## WHAT YOU NEED TO DO
Only one span of the material below is wanted. Output it exactly, from the line with "surat asmayı çizgi film adam vektör çizim" through the line with "Piping components: Flange", without any pictures.

## THE DATA
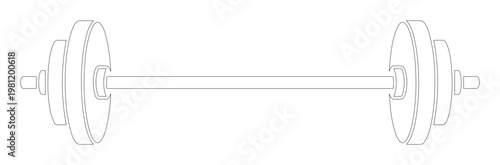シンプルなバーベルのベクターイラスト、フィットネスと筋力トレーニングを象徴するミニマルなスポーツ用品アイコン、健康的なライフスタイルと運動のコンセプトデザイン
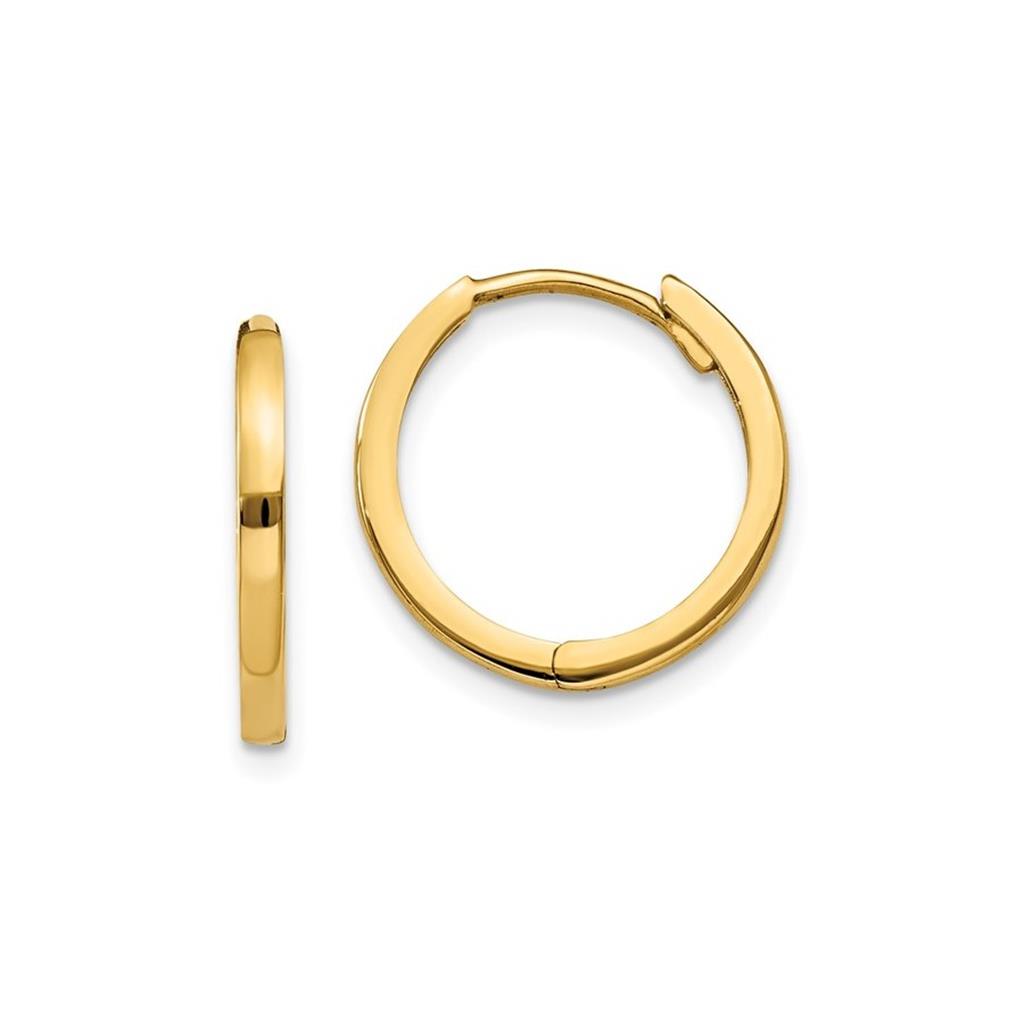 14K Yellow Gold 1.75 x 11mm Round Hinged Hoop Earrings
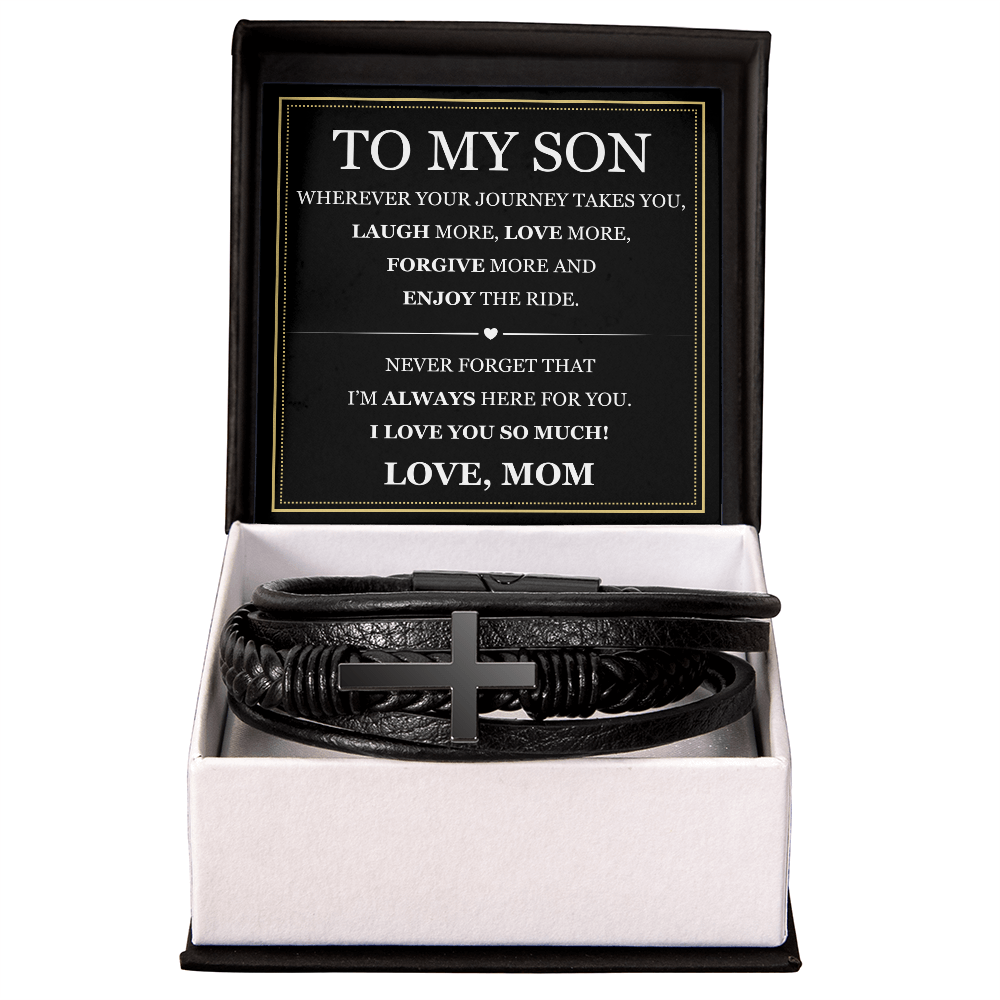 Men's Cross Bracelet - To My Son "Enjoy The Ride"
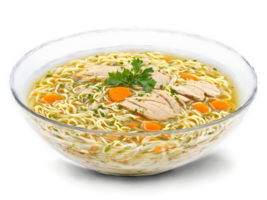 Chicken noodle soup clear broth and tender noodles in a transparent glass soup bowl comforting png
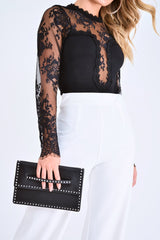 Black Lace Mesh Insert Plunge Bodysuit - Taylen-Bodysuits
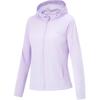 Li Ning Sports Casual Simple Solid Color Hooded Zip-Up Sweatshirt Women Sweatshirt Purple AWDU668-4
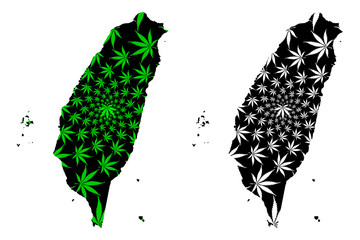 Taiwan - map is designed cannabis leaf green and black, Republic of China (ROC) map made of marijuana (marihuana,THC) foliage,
---
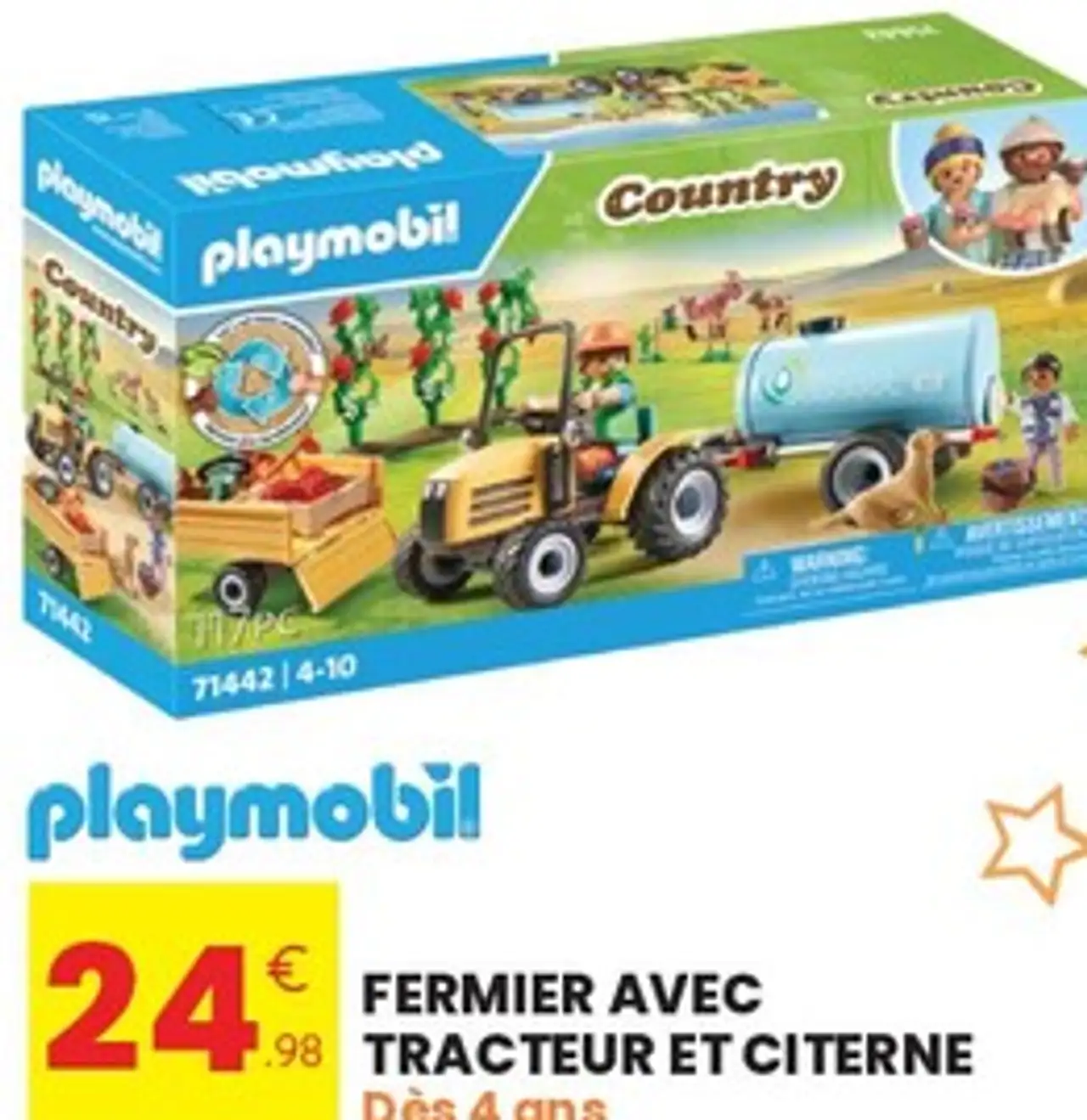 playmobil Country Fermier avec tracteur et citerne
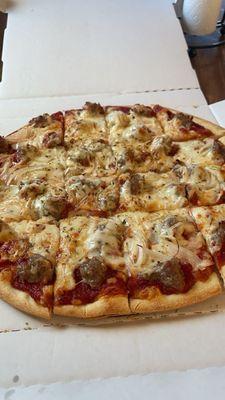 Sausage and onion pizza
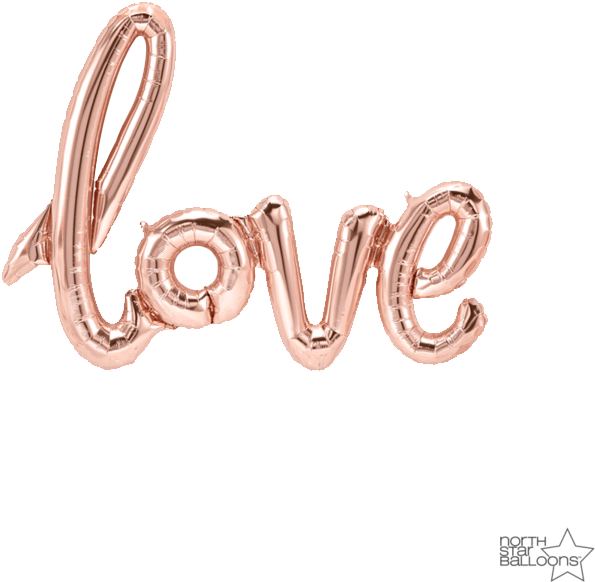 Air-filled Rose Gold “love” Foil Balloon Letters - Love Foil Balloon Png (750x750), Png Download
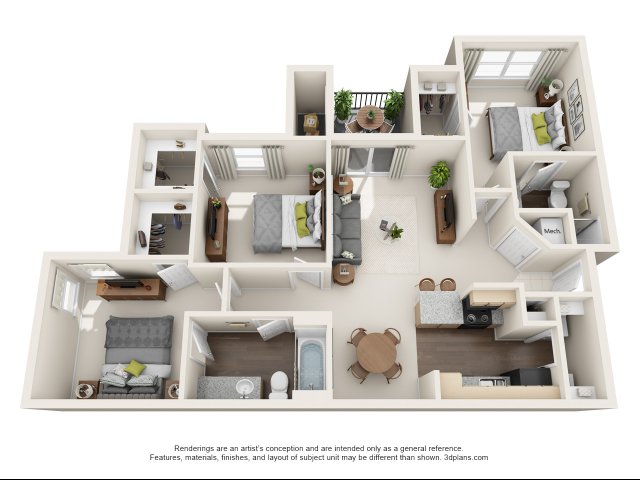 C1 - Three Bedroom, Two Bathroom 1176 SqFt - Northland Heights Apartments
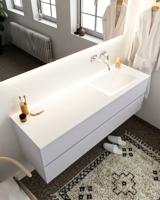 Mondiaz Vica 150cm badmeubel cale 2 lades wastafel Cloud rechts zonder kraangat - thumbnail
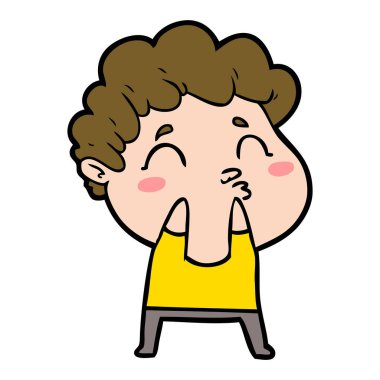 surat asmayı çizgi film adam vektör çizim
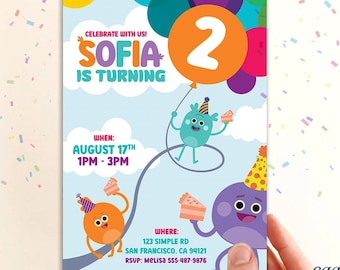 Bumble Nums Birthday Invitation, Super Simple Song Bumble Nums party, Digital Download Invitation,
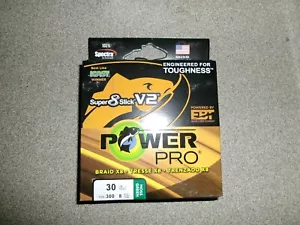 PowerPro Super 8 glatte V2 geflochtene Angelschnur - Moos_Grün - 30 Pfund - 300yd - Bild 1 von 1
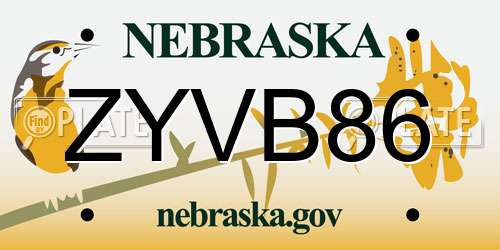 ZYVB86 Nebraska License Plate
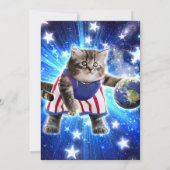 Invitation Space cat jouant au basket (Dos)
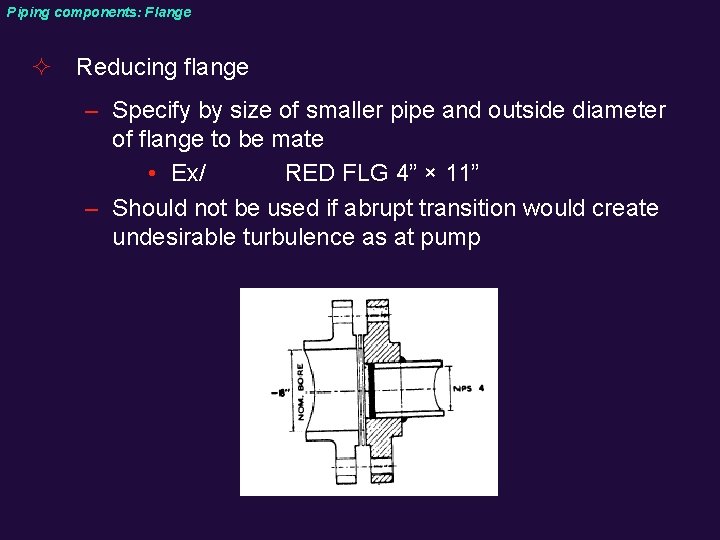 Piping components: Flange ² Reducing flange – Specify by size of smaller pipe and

## RESULT OF THE EXERCISE
 surat asmayı çizgi film adam vektör çizim
 Bumble Nums Birthday Invitation, Super Simple Song Bumble Nums party, Digital Download Invitation,
 PowerPro Super 8 glatte V2 geflochtene Angelschnur - Moos_Grün - 30 Pfund - 300yd - Bild 1 von 1
 ZYVB86 Nebraska License Plate
 Invitation Space cat jouant au basket (Dos)
 Piping components: Flange ² Reducing flange – Specify by size of smaller pipe and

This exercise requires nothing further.